Nur waren es bisher vor allem die Studios, die so verdienten und ihre immensen Betriebskosten damit finanzierten. Quereinsteiger, Privatinvestoren und Unabhängige bekamen von solchen Lizenzen selten etwas ab. "Wir stoßen da jetzt die Tür zu einem sehr exklusiven Club auf", sagt Juul. Dann bekommt man also, wenn man zum Beispiel 100 Dollar in einen Film investiert, der das Vierfache einspielt, vierhundert Dollar zurück?

Jonathan Bixby geht kurz dazwischen. "Kryptowirtschaft funktioniert ein bisschen anders." Er klingt so geduldig wie ein Wissenschaftler, der einem Laien Astrophysik erklärt. "Ein Krypto-Enthusiast möchte in etwas investieren, das deflationär ist, also etwas mit einem begrenzten Angebot und etwas, das wirklich gut durchdacht ist, und ich denke, das ist es, was wir anbieten." Wobei man alle möglichen Funktionen in so ein NFT einbauen kann. Zum Beispiel, dass die Produzenten und Filmschaffenden an jedem Weiterverkauf beteiligt werden. Was die beiden aber auch erobern, ist eine vollkommen neue Generation Investoren. "Es gibt eine Milliarde Menschen, die mehr als 20 Stunden ihrer Freizeit pro Woche im Metaversum verbringen", sagt Jonathan. "Was, denken Sie, werden die wollen? Wollen die in eine Bank gehen und in der Schlange stehen und mit einem Kassierer sprechen? Sie wollen Bitcoin. Wollen die physische Kunst aufhängen?

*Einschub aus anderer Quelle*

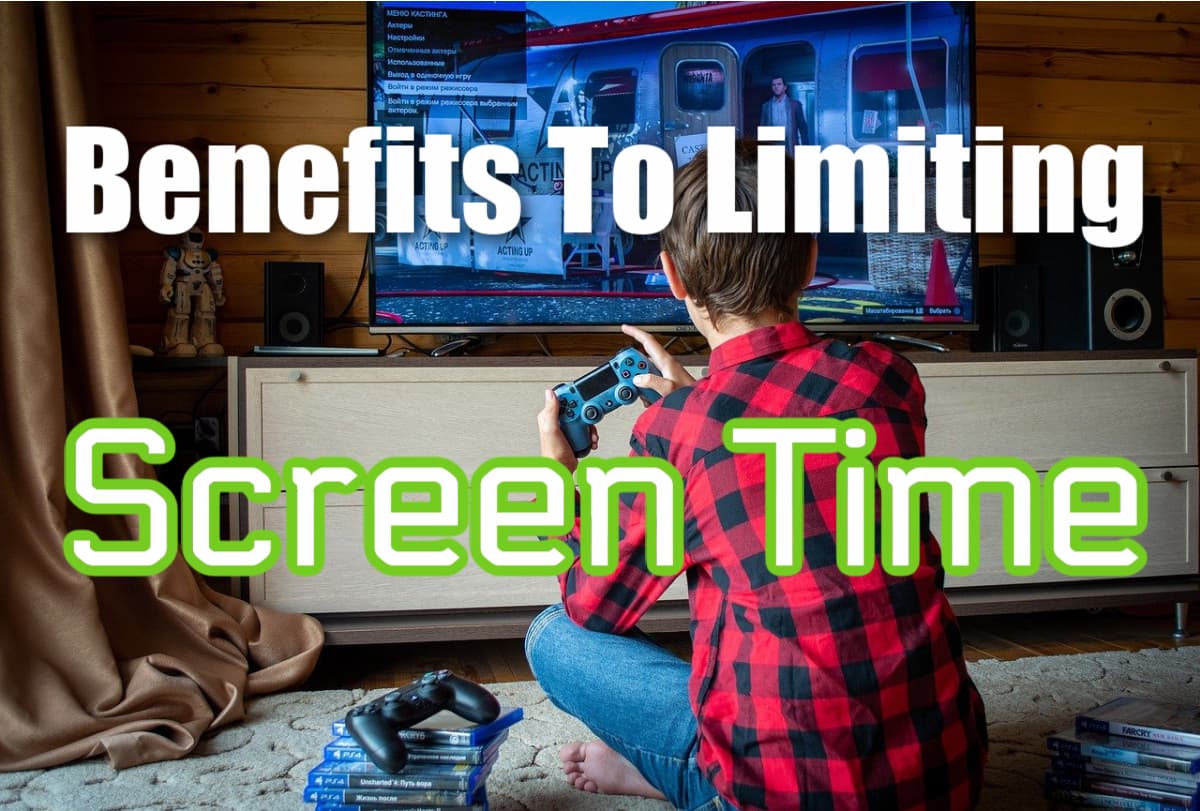 Benefits To Limiting Screen Time - Lifetime Double Adventure Tower Playset Review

Nein, aber die wollen Mitglied in einem exklusiven Club werden."

Unterm Strich bleibt der Demokratisierungsgedanke. Fans als Investoren

So ganz versteht man das übrigens trotzdem nicht, weil es eine ganze Menge technischer Feinheiten gibt, wie man mit NFTs Geld verdient, die in der Mechanik des Blockchain-Verfahrens, der Wertsteigerung durch Reduzierung der Anzahl von NFTs und der Dynamik von Kryptowährungen liegen. Deswegen sind ja auch die ganzen Extras an das NFT gebunden. Die Setbesuche, Begegnungen mit den Stars, vielleicht eine Requisite als Souvenir. Unterm Strich bleibt der Demokratisierungsgedanke. Fans als Investoren. Wobei man jetzt aber doch mal ein wenig den Miesepeter spielen muss. Haben diese Investoren bei all der Demokratie dann nicht auch ein Mitspracherecht? Und liefert man sich gerade in der Krypto-Szene mit ihren NFTs nicht einer Welt aus, die bisher ein erstaunliches Maß an schlechtem Geschmack bewiesen hat? Wenn man sich die NFT-Kunst so ansieht, die da so viel Geld verdient, ist die in der Regel in der Ästhetik von Videospielen und Comics aus den Neunzigerjahren stecken geblieben, mit all den Porno-Macho-Techno-Scheußlichkeiten, die da dazugehören.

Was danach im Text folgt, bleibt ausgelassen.